# Model S Audio Upgrades?



## driver#43 (Aug 21, 2019)

Hello everyone, 

I was wondering if anyone had an experience with aftermarket stereo or speaker options for Model S. I currently am somewhat unsatisfied with the level of audio quality I'm getting, and a friend of mine suggested I look into some third party options. The two companies that were name dropped were Light Harmonic and Reus. Seeing as I don't have a way of auditioning either of these companies' products, I'm left to rely on the good word of existing owners. So: has anyone tried either option, either for a full stereo replacement or a speaker replacement? Are there any other companies I should perhaps look into as well? Thanks for reading and any suggestions/anecdotes.


----------



## AEDennis (Apr 10, 2016)

driver#43 said:


> Hello everyone,
> 
> I was wondering if anyone had an experience with aftermarket stereo or speaker options for Model S. I currently am somewhat unsatisfied with the level of audio quality I'm getting, and a friend of mine suggested I look into some third party options.
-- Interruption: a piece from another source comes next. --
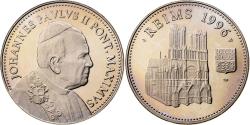 World Coins - Vatican, Medal, Le Pape Jean-Paul II à Reims, Copper-Nickel Gilt,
The two companies that were name dropped were Light Harmonic and Reus. Seeing as I don't have a way of auditioning either of these companies' products, I'm left to rely on the good word of existing owners. So: has anyone tried either option, either for a full stereo replacement or a speaker replacement? Are there any other companies I should perhaps look into as well? Thanks for reading and any suggestions/anecdotes.


FWIW, I've heard Reus in 2013 and it was pretty good... but in the end I opted to stay with the factory standard audio...

My reasoning is because I used to listen to a lot of AM and talk radio... and not music...


----------